LINQ 101: A Beginner's Guide to Mastering Data Queries in .NET

LINQ 101: A Beginner's Guide to Mastering Data Queries in .NET

Learn the Fundamentals of Querying Data with LINQ in .NET

LINQ (Language-Integrated Query), integrated means that it is a part of the language. It is available in the System.Linq namespace.
Linq is a technology that aims to integrate queries into the C# programming language. Normally you have to learn a different query language for each type of data source, XML, SQL databases etc... With LINQ, a query is just like another first-class language construct, like classes, or events, ... With LINQ, you can write queries on collections of objects using language keywords with operators. Using LINQ, you can perform filtering, scheduling, and grouping operations on collections of objects with minimal code. You can write LINQ queries in C# for SQL databases, XML documents, and any object collection that supports the IEnumerable interface.
Linq provides a compact, expressive, and intelligible syntax for manipulating data.

If you are new to c# What is C# Programming Language? A Beginner's Guide will help you get started! if you want to learn OOP as well, check Learn object oriented programming in C# from scratch!

Why should I learn LINQ?

As a C# developer, you should learn LINQ for multiple reasons:

  • By learning Linq, you don't have to learn other query languages for different data sources, only one query will work for different data sources.

  • Using Linq, you will write less code compared to other traditional approaches.

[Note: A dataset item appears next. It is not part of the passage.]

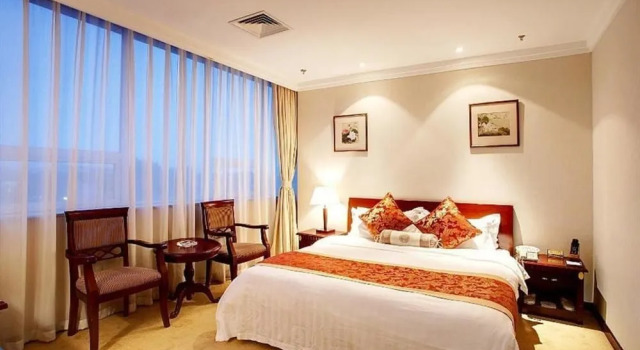 Rich Hotel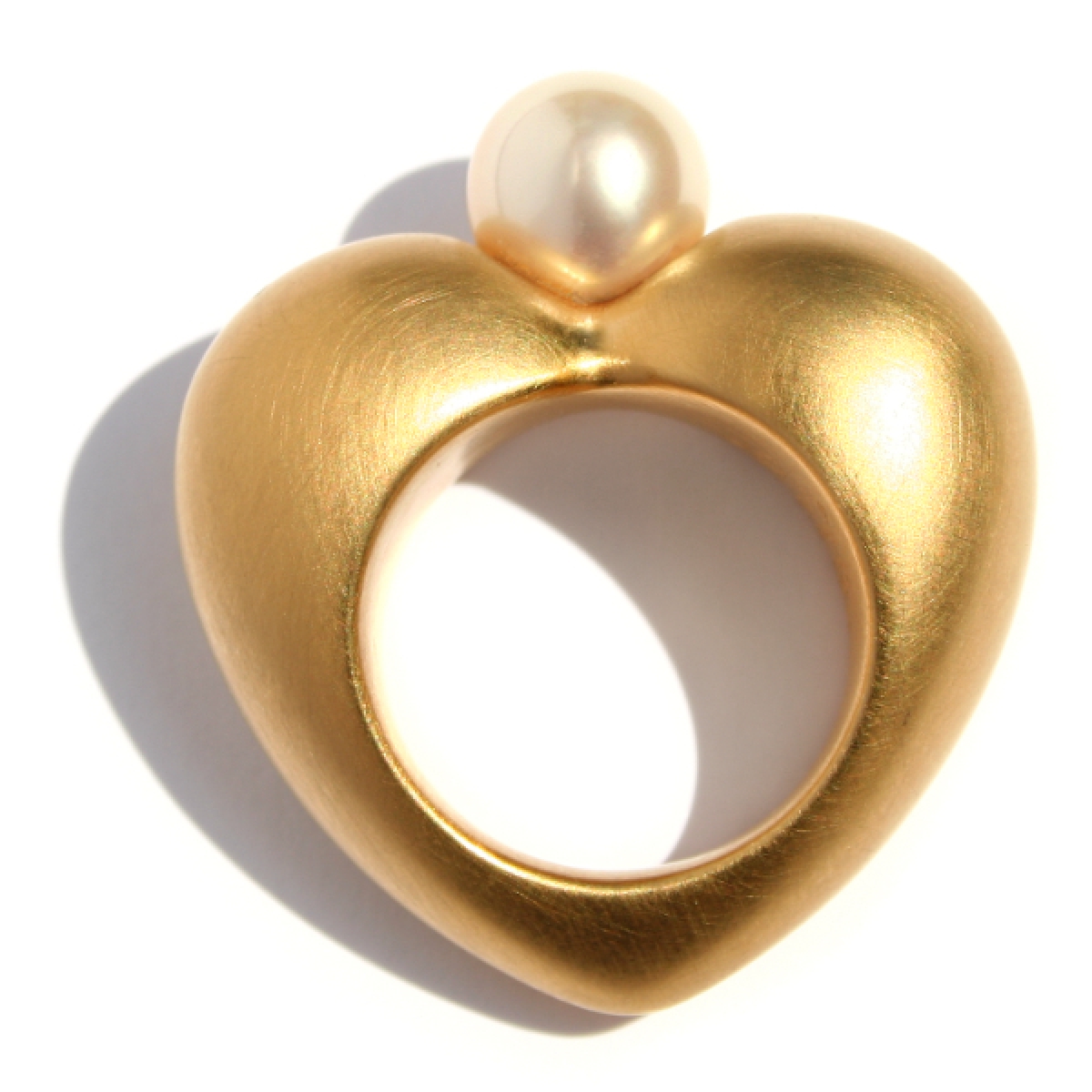 Herzring aus 750 Gelbgold mit weißer Zuchtperle – ein moderner Designklassiker von AMALA. Herzring aus 750 Gelbgold mit weißer Zuchtperle – ein moderner Designklassiker von AMALA.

  • Linq will assure compile-time safety, you will get all the errors at compile-time. Linq has lots of inbuilt methods to support different operations.

How does LINQ work?

LINQ queries are converted as per the data source requirement with the help of a LINQ provider. A LINQ provider is a software that implements the IQueryProvider and IQueryable interfaces for a particular data store. In other words, it allows you to write queries against that data source.

Before continuing reading this article ... If you don't know me, my name is Hamza, I am a C# and ML software engineer. If you want to start developing software and learn ML, as a software engineer, I will guide you in this adventure and give you tips every day, follow me and subscribe to my newsletter to receive my daily articles.

Query expressions

  • Query expressions are easy to learn because they use understandable language and familiar C# language.

  • Queries are used to filter and transform data from any data source that supports IEnumerable interface.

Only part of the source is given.